The second is that the writer does not know what good writing is. Several myths are commonly held among well-educated people (who are not professional writers) about what makes for good business writing. Some of the most harmful are that business writing should:
Be dry: This leads people to use nominalizations and write in the passive tense. Here’s a mild example that among people accustomed to reading business writing will not raise an eyebrow: “The desire to form business alliances is about innovation acceleration and market-reach expansion.” While relatively (although not completely) clear, it’s dry, and risks putting a reader to sleep. Why? First of all, there is no subject (“to form” is passive, leaving us to wonder whose desire the writer is speaking of) and there are three nouns that should be verbs (nominalizations). The sentence is easier to understand if we rewrite it to say what it means: “CEOs are keen to cooperate with other firms so that they can innovate faster and expand their markets.” Now we have a subject (CEOs) who wants to do three things (cooperate, innovate, and expand their market), and we have emotion. They are keen to do this. The new version is more interesting and easier to relate to.
Be erudite: Erudition is often confused with wordiness, which produces longer sentences that are harder to read. George Orwell wrote in 1946, “Never use a long word where a short one will do.” Lucy Kellaway of the Financial Times in 2013 gave a “flannel-free writing award” to Wan Long, founder of Shuanghui International, a meat processing company. To explain what his company does, he could have written: “We process porcine products with a sales-centric go-to-market strategy.” Fortunately, he did not. Instead, he wrote: “What I do is kill pigs and sell meat.” It may not impress, but it’s good, solid English, and the reader’s brain does not fog over trying to understand it.
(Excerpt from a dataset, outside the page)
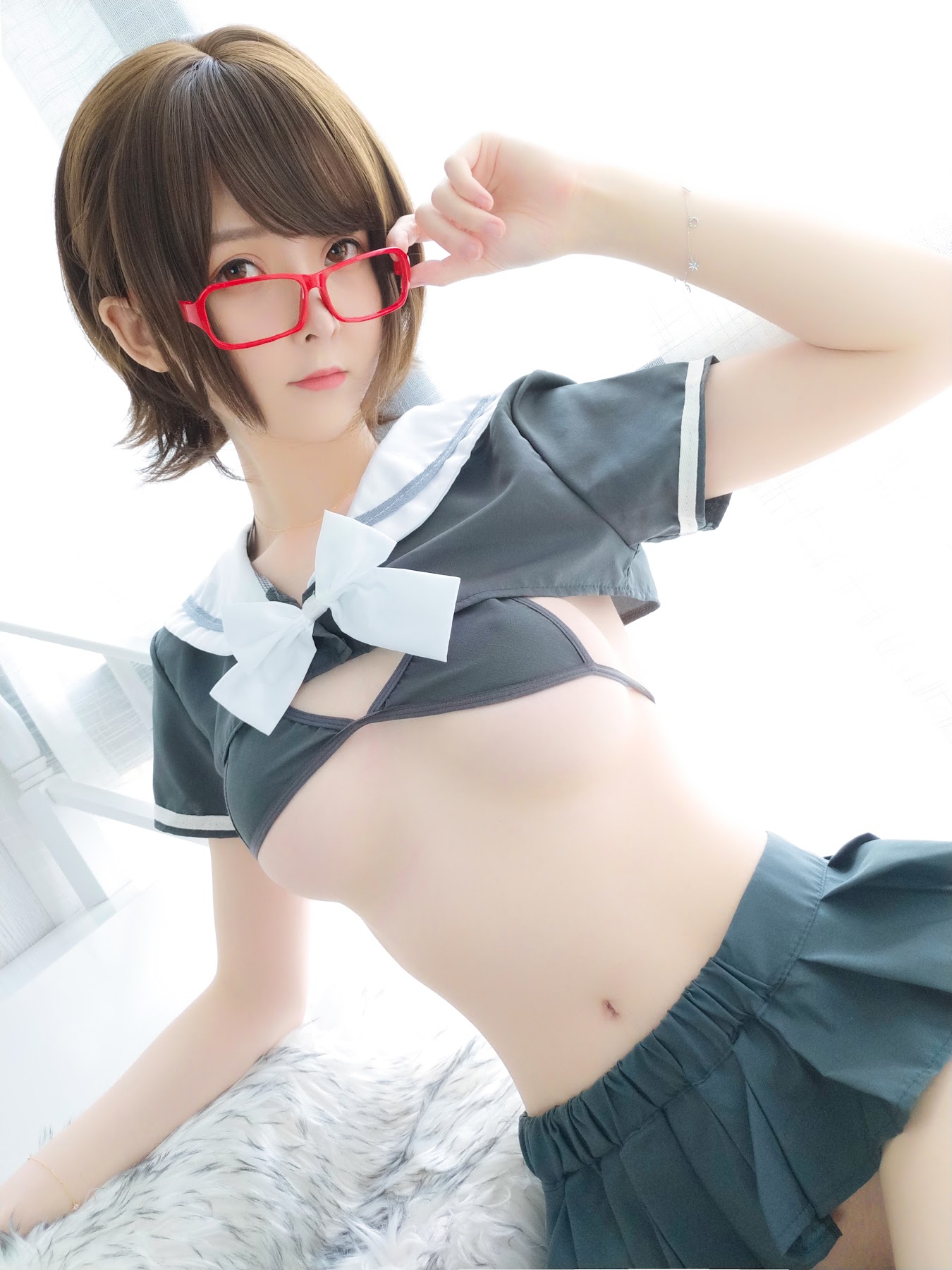 Coser@一小央泽 (yixiaoyangze) – 早安学妹 - P4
Use faddish business jargon: I don’t know about you, but I’ve had my fill of low-hanging fruit, and blue-skying. Jargon gives rise to two problems. The first is that these phrases mean different things to different people, so their meaning is imprecise. Does low-hanging fruit, for instance, refer to cost savings that are easiest to achieve, or that yield the greatest gains? Second, it makes your writing sound like everyone else’s, which is the opposite of what you want when you’re trying to keep your reader awake.
Have a conclusion: Authors commonly write a final section headed Conclusion, which summarizes what a piece says. Readers are easily bored by being told the same thing twice and, if a piece is well written, a summary at the end is redundant. An article is much more memorable if, for instance, the final paragraph or two give the reader a “call to action.” My colleague, David Rosenbaum ended an article on the perils of writing a business book thus: “So before you start that book think once, think twice, and then try forgetting about it. See how that feels. It may feel very good indeed.” Maybe that is a call to inaction, but it drives the point home succinctly and leaves the reader with an option he may not otherwise have considered.
If you are an expert in your field, it is not likely you’re a great writer too. There are many well-known business authors who hire writers to write their books. If you do prefer to write yourself, it’s a good start to know the traps that you might fall into. And having an editor review your writing might be a good idea, too.
In any case, if your ideas are good, don’t let bad writing get between them and your reader.